→ Work item
Your task is to output the listing exactly, leaving every image out.
BEGIN Provided material
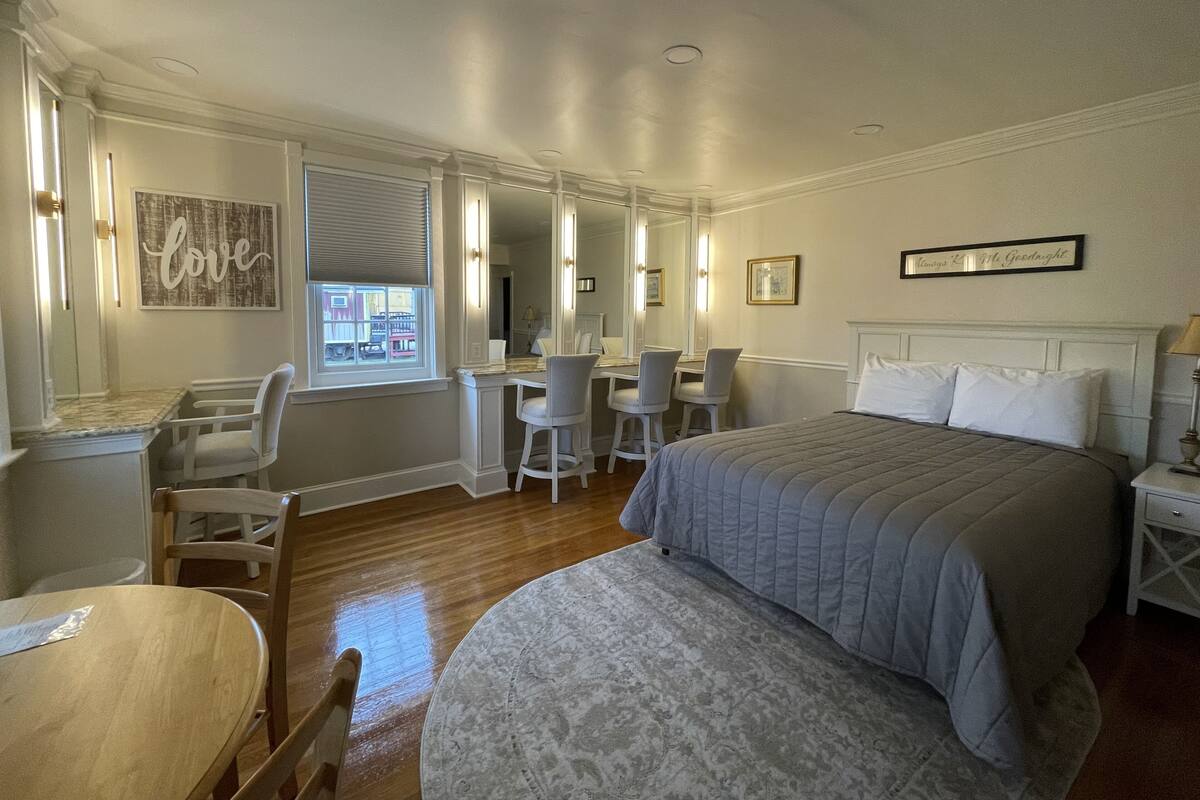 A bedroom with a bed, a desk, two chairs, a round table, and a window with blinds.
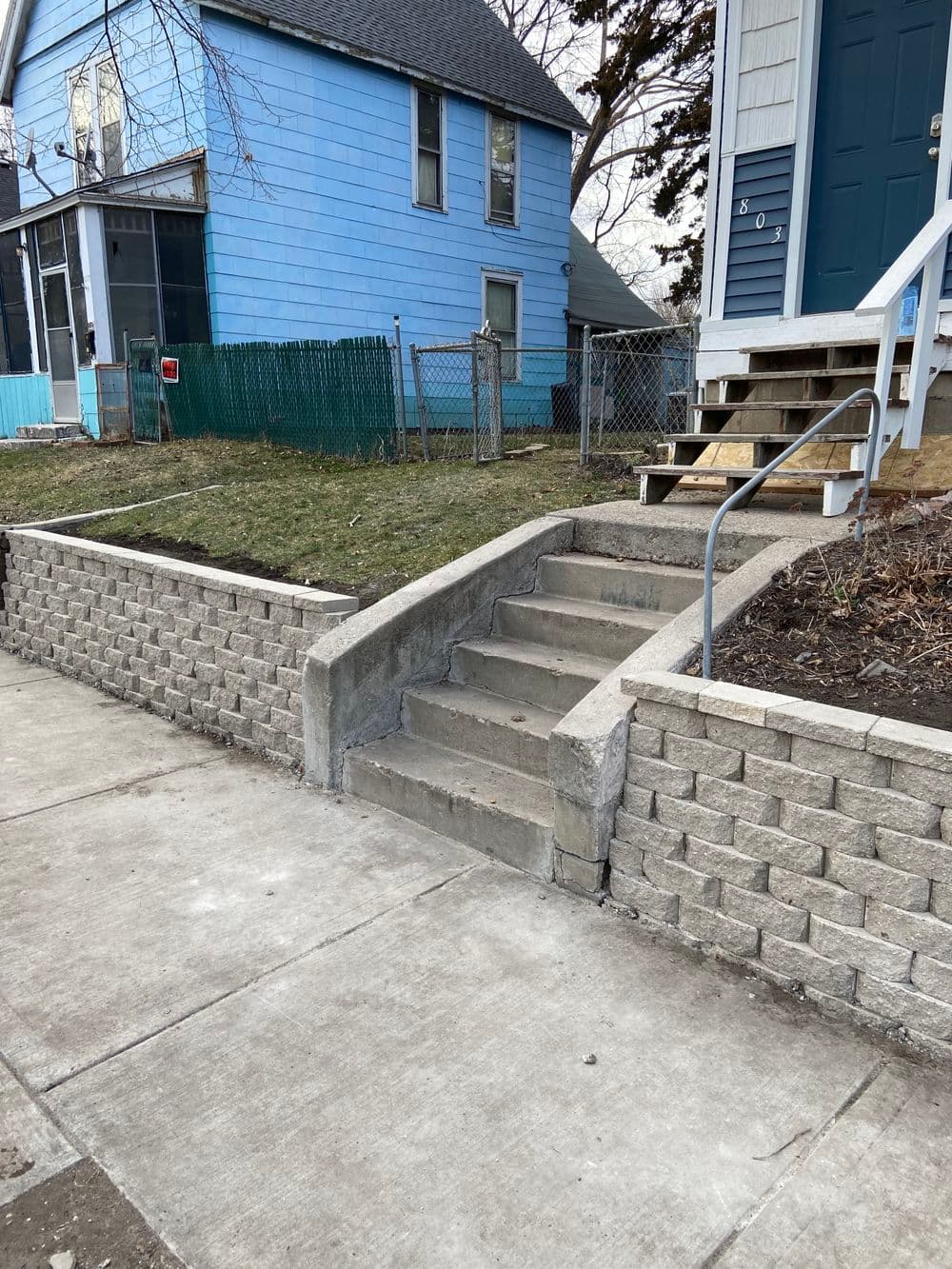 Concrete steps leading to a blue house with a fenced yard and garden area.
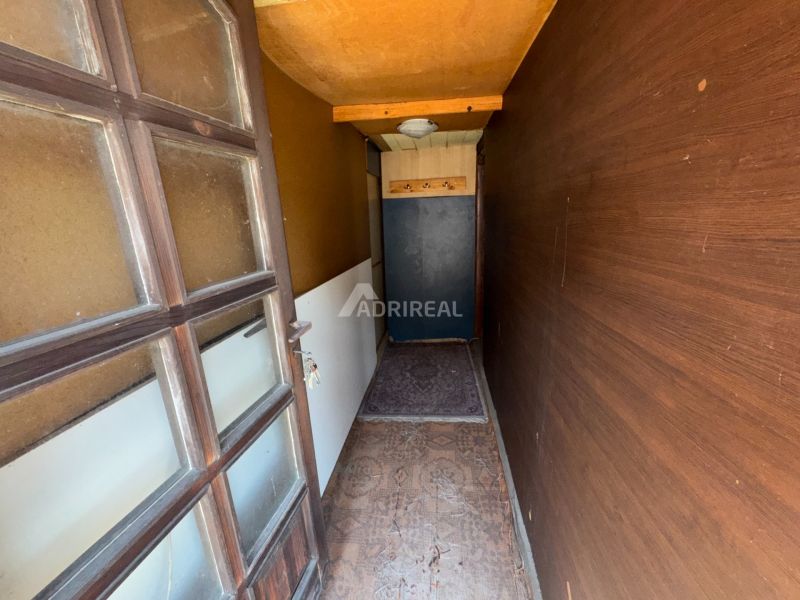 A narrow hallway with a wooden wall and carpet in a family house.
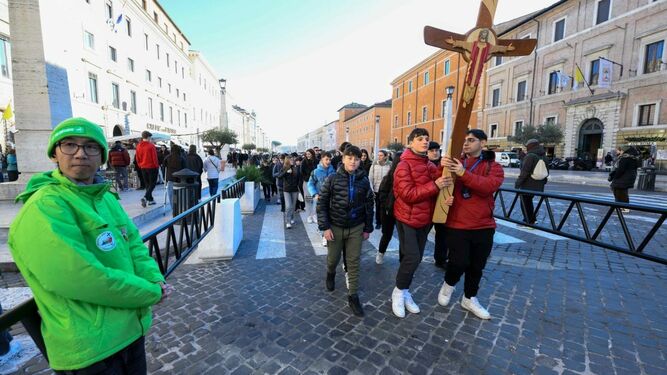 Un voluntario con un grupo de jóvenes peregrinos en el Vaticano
END Provided material
→ Output below
 A bedroom with a bed, a desk, two chairs, a round table, and a window with blinds.
 Concrete steps leading to a blue house with a fenced yard and garden area.
 A narrow hallway with a wooden wall and carpet in a family house.
 Un voluntario con un grupo de jóvenes peregrinos en el Vaticano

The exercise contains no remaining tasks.